WORK INSTRUCTIONS
Set down, exactly and only, everything from the line containing "January Birthstone Rings" down to the line containing "Tiger On Saturday" in the data below; the pictures are not part of the copy.

EXCERPTED RECORDS
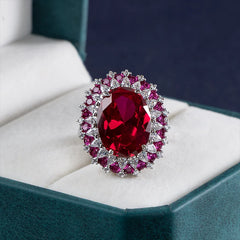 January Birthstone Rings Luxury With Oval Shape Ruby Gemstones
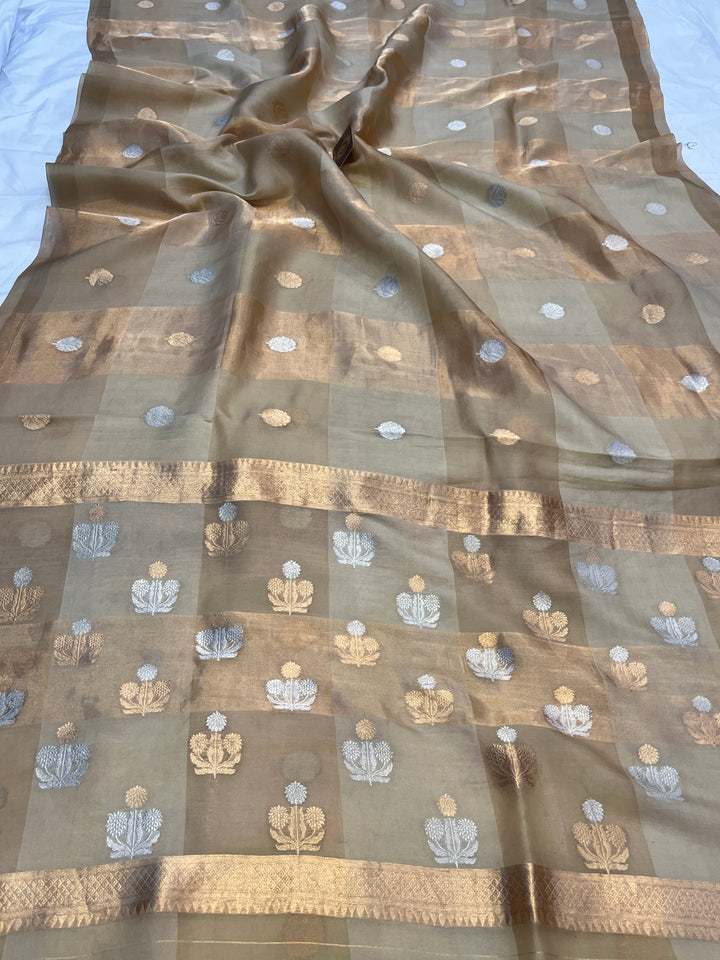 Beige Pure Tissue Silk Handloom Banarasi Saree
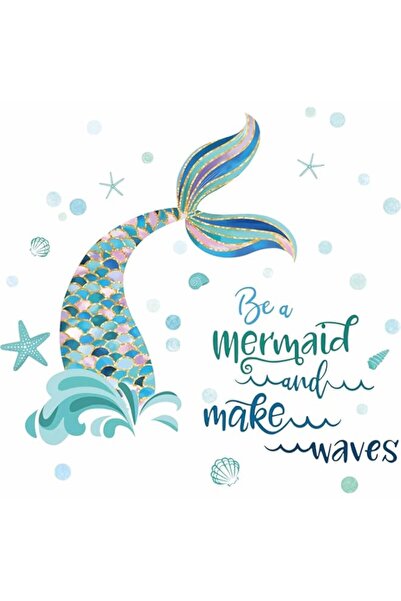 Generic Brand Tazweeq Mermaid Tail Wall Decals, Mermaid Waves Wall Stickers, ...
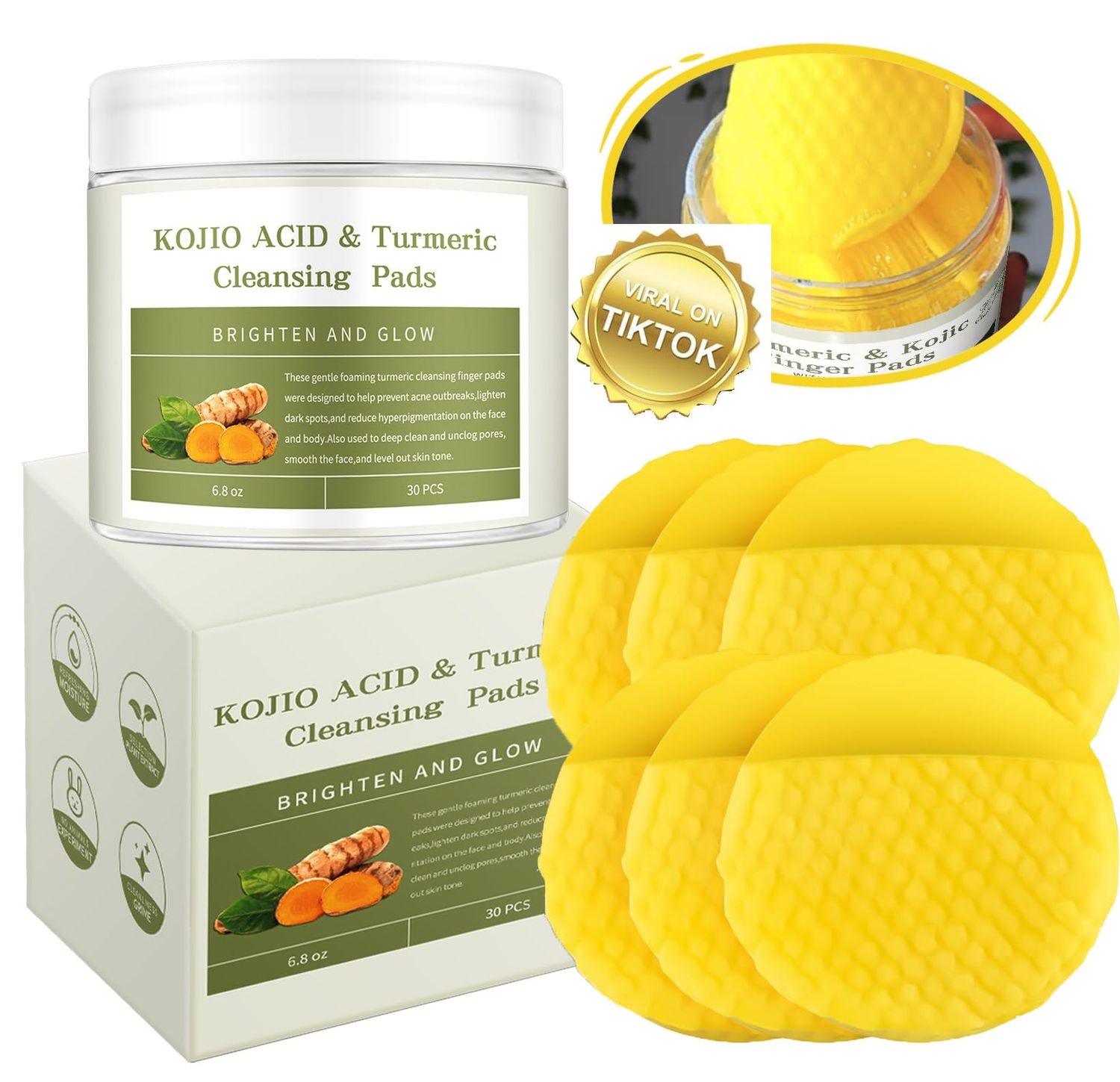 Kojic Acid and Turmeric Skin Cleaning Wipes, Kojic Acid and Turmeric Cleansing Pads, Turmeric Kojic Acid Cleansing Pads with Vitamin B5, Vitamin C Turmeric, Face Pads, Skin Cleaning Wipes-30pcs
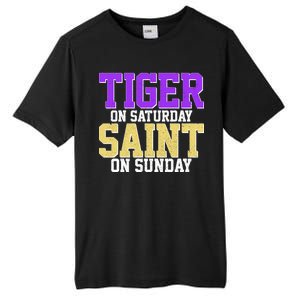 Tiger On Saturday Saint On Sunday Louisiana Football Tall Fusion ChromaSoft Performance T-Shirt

* * *

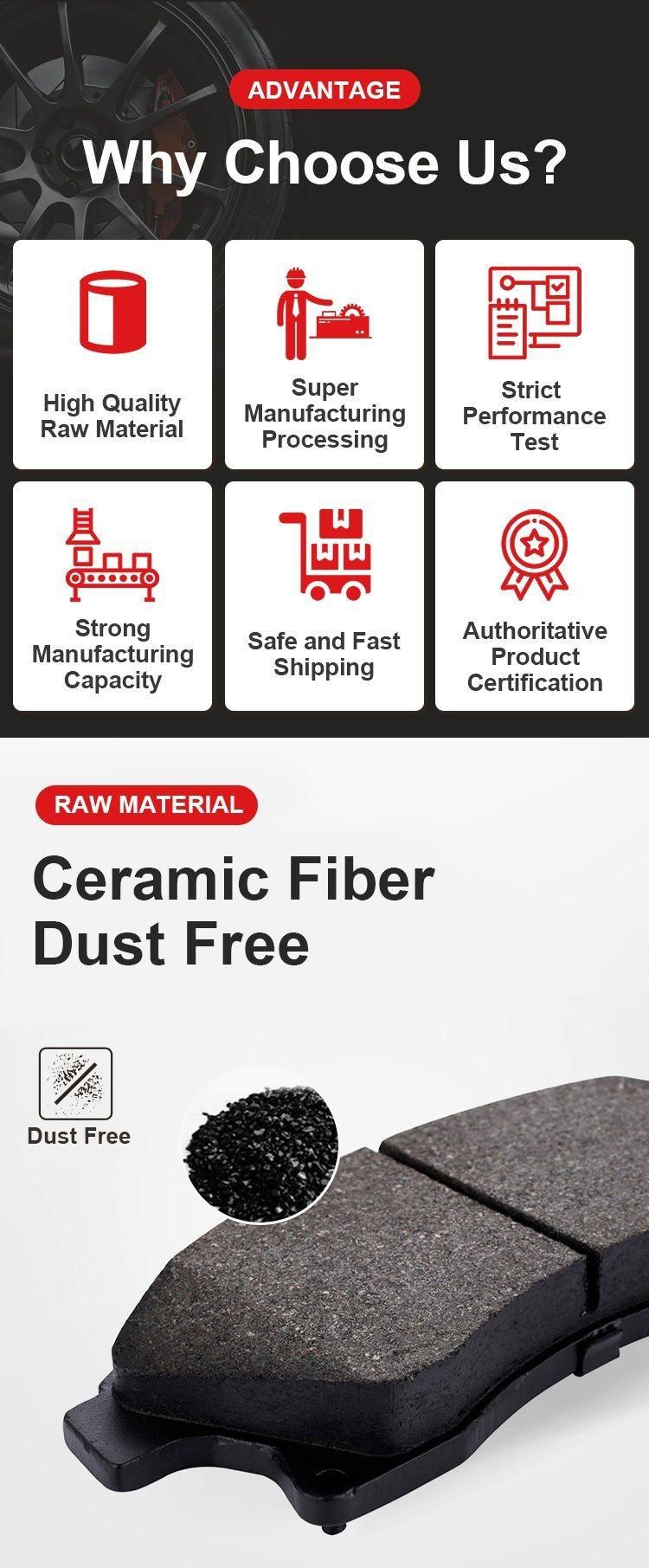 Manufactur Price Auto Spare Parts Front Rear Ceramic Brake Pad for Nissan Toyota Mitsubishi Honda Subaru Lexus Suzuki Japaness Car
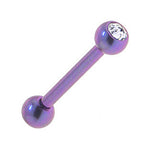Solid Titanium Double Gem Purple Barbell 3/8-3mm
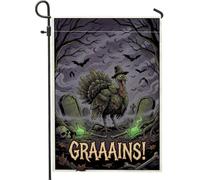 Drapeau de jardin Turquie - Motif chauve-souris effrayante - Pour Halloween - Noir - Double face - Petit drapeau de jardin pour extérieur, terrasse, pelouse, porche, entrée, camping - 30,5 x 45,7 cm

...

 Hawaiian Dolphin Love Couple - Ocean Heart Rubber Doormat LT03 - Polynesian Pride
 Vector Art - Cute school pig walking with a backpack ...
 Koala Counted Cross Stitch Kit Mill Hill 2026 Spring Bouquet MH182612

TASK RESULT
 January Birthstone Rings Luxury With Oval Shape Ruby Gemstones
 Beige Pure Tissue Silk Handloom Banarasi Saree
 Generic Brand Tazweeq Mermaid Tail Wall Decals, Mermaid Waves Wall Stickers, ...
 Kojic Acid and Turmeric Skin Cleaning Wipes, Kojic Acid and Turmeric Cleansing Pads, Turmeric Kojic Acid Cleansing Pads with Vitamin B5, Vitamin C Turmeric, Face Pads, Skin Cleaning Wipes-30pcs
 Tiger On Saturday Saint On Sunday Louisiana Football Tall Fusion ChromaSoft Performance T-Shirt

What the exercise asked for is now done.